Riccardo Gabriele, head of the Italian PR agency PR Comunicare il Vino, represents some of the best wineries in Italy. Stefania Tacconi of his PR agency asked me to participate in a virtual master class with Salvatore Avallone owner of Villa Matilde Avallone winery in Campania.  I first visited this winery about 20 years ago and met Salvatore and his sister Maria-Ida Avallone. They are the children of Francesco Paolo Avallone who founded the estate in the early 1960’s.  I have always enjoyed their wines and I visited again about five years ago with Campania Stories.Matilde

Via Zoom, Salvatore explained that his father had a passion for the ancient grapes of Campania and especially the legendary vinum Falernum the wine described by Pliny the Elder (d. August 79 AD) and other ancient Roman writers. He wanted to find a way to make this ancient wine again. After years of research he was able to locate a handful of vines that survived phylloxera in Monte Massico.  He planted them and this became Villa Matilde.

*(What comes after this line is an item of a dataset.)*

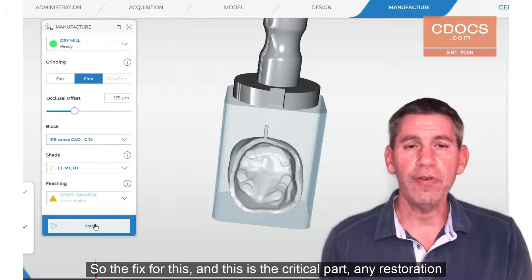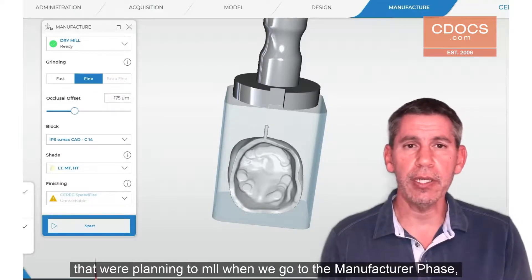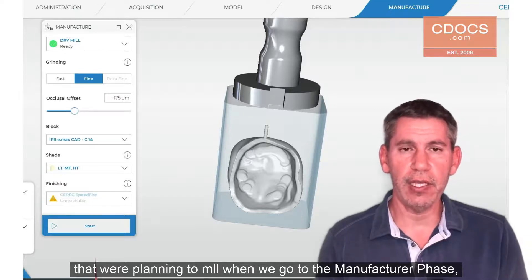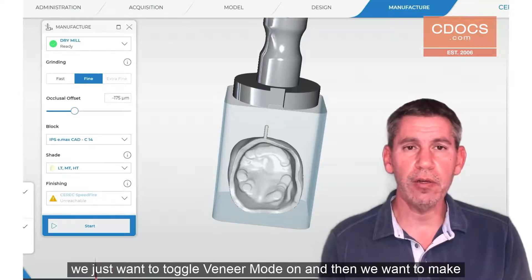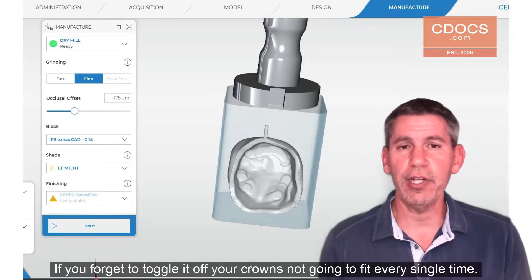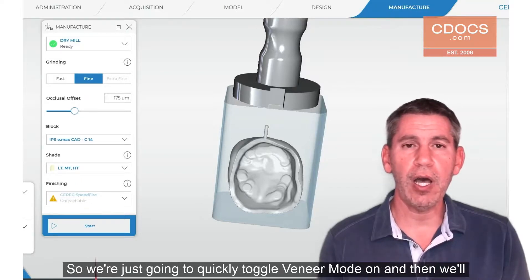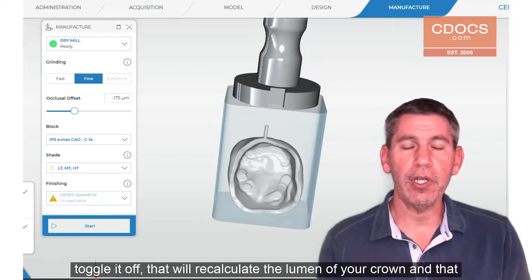The fix — and this is the critical part — for any restoration that we're planning to mill: when we go to the manufacturer phase, we just want to toggle veneer mode on and then toggle it off again. If you forget to toggle it off, your crown is not going to fit every single time. So we're just going to quickly toggle veneer mode on and then toggle it off.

Salvatore said Villa Matilde now has four properties, two within the Falerno del Massico DOC appellation (province of Caserta), and two in the Benevento and Avellino provinces. They have reached their goal of zero greenhouse gas emissions on all properties.

The Wines


Fiano Di Avellino Tenute d’Altavilla DOCG made from 100% Fiano Di Avellino from vineyards at the Tenute d’Altavilla estate in Campania. The vines were planted 1968-1965. Soil composition is tuffaceous and marly clay. There are 2,500-3,000 vines per hectare. Training system is guyot and the vineyard is at 500-600 meters. Harvest is in the middle of October. Grapes are soft pressed and fermentation is in stainless steel at a controlled temperature with selected yeast. The maceration technique is cryomaceration. The wine is aged in stainless steel for 4 months before it is bottled. This is a well-balanced wine with hints of citrus fruit, apricots, peaches and almonds.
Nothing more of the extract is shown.